- [Records for the exercise]
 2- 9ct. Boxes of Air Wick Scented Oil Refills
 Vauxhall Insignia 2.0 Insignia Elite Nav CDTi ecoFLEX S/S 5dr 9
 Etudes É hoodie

* * *

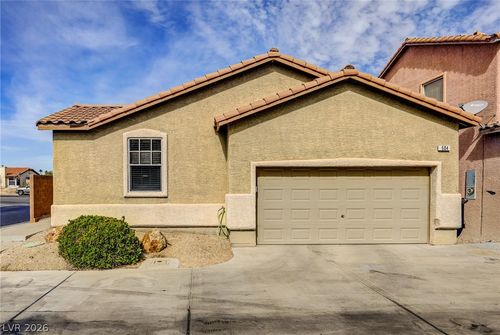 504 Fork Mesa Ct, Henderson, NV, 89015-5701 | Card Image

- [Exercise directions]
Of all the entries above, repeat only the lines from the line that has "Vauxhall Insignia 2.0" to the line that has "Etudes É hoodie", both lines included, exactly.

- [Solution to the problem]
 Vauxhall Insignia 2.0 Insignia Elite Nav CDTi ecoFLEX S/S 5dr 9
 Etudes É hoodie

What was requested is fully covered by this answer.